Por las mismas fechas, Bernardo Acevedo y Huelves —un autor que escribió en asturiano y ganó premios— disertaba que «el bable no se habla en ninguna parte y si se habla tiene cada aldea, por no decir cada casa, el suyo. Como entidad filológica, como órgano de expresión no existe ni existir puede. Lo que hay en toda la provincia es un caudal de voces, inmenso y riquísimo, como remansos olvidados de un gran torrente que se corrió hacia Castilla. Aquel torrente formó el hermoso río de la lengua castellana. La vida moderna agrandó el alma del hombre y el bable se encogió.

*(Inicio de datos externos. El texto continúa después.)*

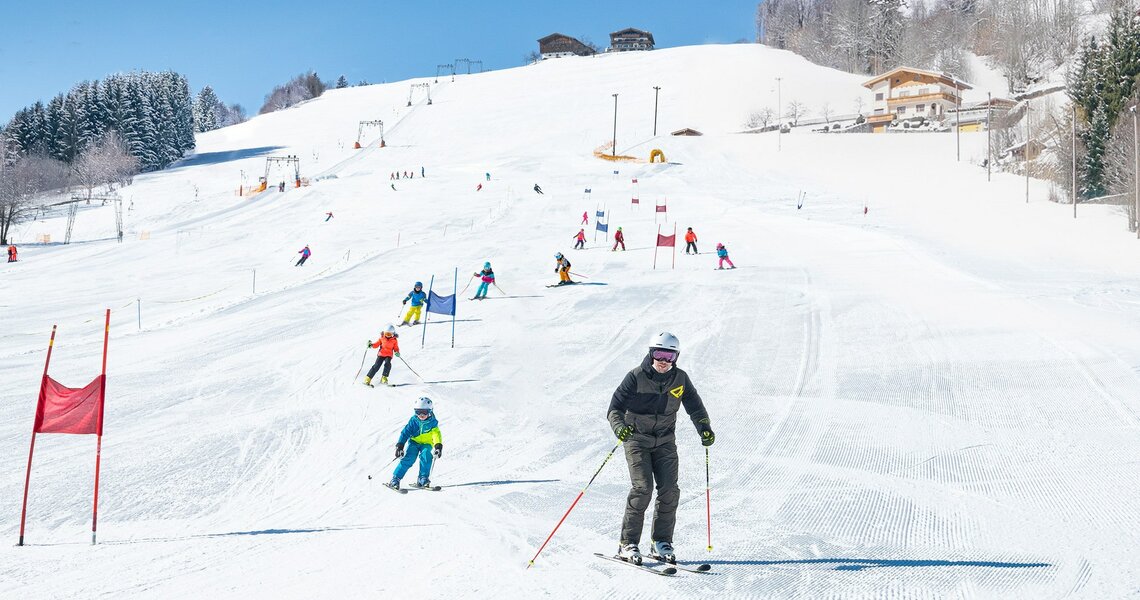 Skischüler fahren Slalom auf einer sonnigen, präparierten Piste. | © TVB Piesendorf Niedernsill - Harry Liebmann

Por eso no puede ser órgano de expresión de un pueblo del siglo XIX». Y más tarde, en 1932, Sabino Álvarez Gendín —futuro franquista— manifestará su oposición a recoger, en un anteproyecto de estatuto regional para Asturias, una cooficialidad que, a su juicio, no se merecía «un romance rezagado que no se habla sino entre gente del campo».
Después, la larga noche del fascismo frailuno del general Franco no perseguirá el asturiano con demasiada saña, pero, como ha estudiado espléndidamente Inaciu Galán en su tesis doctoral, lo arrinconará a la reserva india de lo etnográfico y lo costumbrista, pudridero piadoso de aquellos idiomas a los que se ha condenado a desaparecer. De ella pugna hoy por salir esta lengua resistente, superviviente a dos siglos de sentencias de muerte y la machaconería de una reiteración de argumentos iguales. La cooficialidad vuelve a parecer cercana, tal vez más que nunca —aunque no pueden echarse las campanas al vuelo—, en 2021. Erguida frente a todo, soportando los vientos sin rendirse, la lengua asturiana —como pedía Bernat Etxepare al euskera en 1545— sale a bailar, ayudada por sus verdaderos amigos.